Supplied data:
= Beginning of Section =

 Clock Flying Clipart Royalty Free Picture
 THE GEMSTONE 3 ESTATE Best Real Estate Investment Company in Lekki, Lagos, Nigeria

= End of Section =
= Beginning of Section =

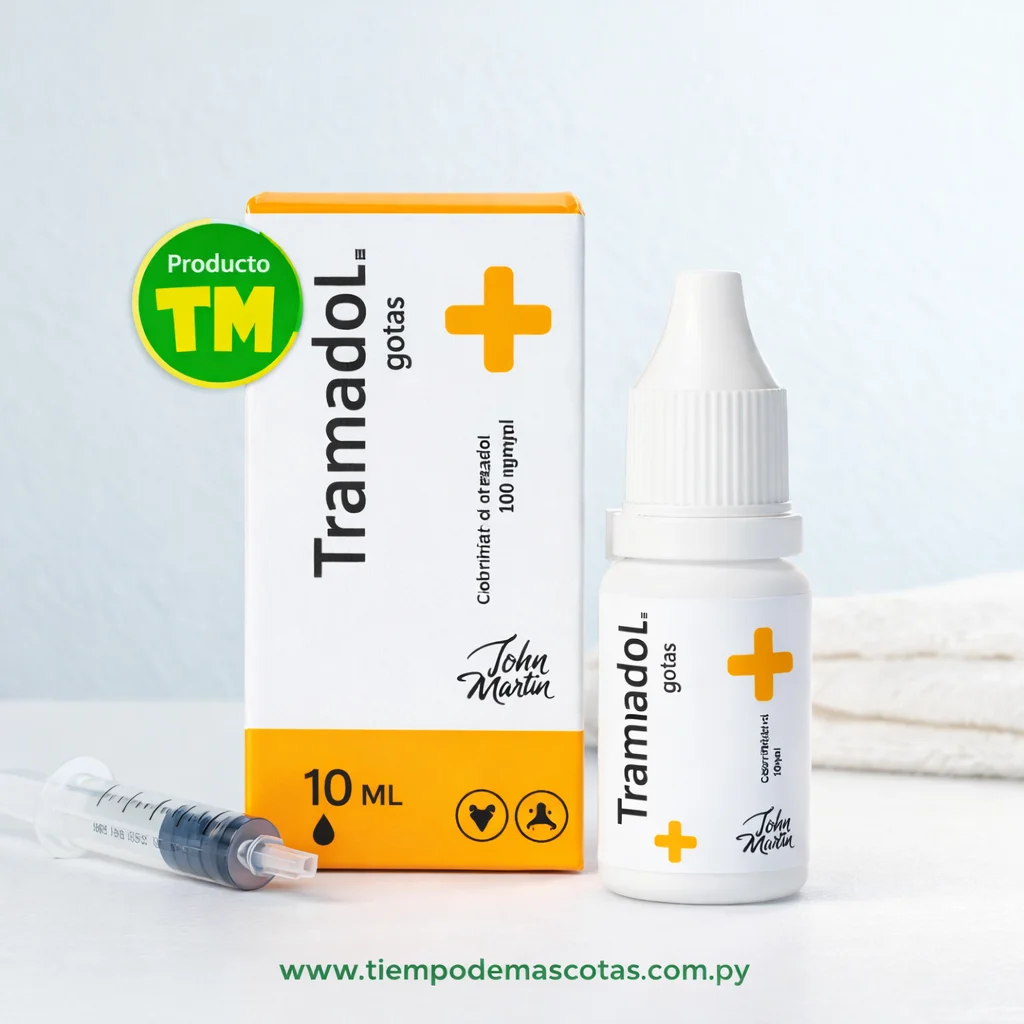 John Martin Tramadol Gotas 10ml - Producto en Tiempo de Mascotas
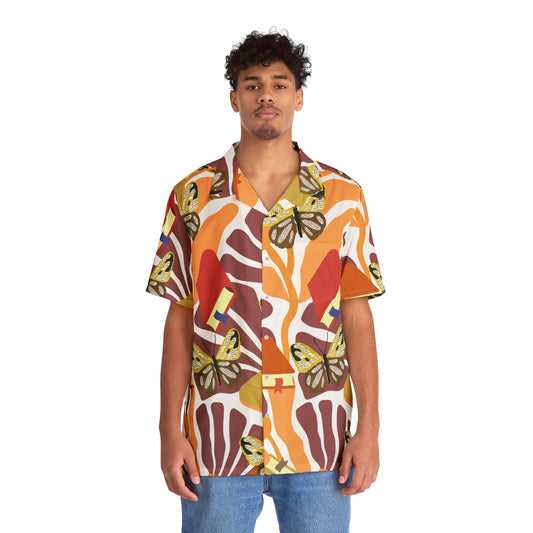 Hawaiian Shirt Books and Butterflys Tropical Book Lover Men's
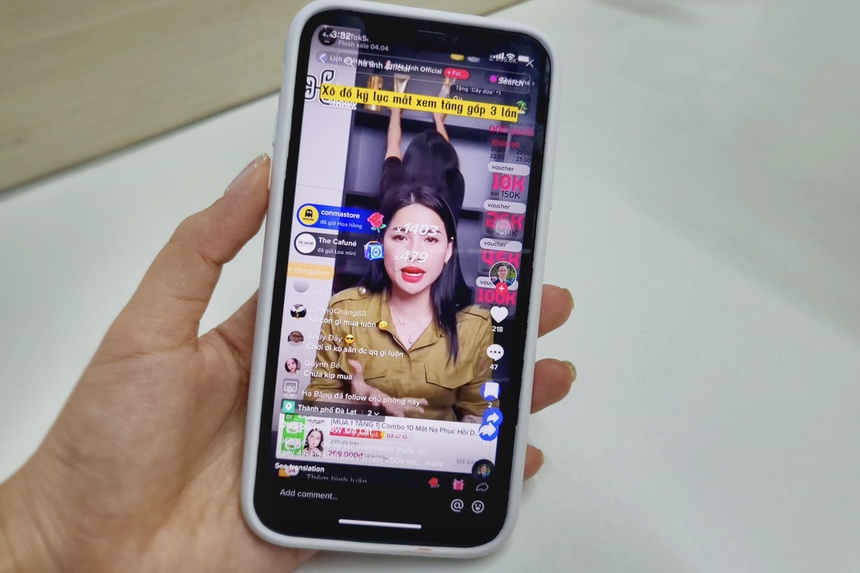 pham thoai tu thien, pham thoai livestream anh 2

= End of Section =

Taking the entries above, copy word for word the lines from the one with "John Martin Tramadol" up to and including the one with "pham thoai tu", without any picture.

Finished task:
 John Martin Tramadol Gotas 10ml - Producto en Tiempo de Mascotas
 Hawaiian Shirt Books and Butterflys Tropical Book Lover Men's
 pham thoai tu thien, pham thoai livestream anh 2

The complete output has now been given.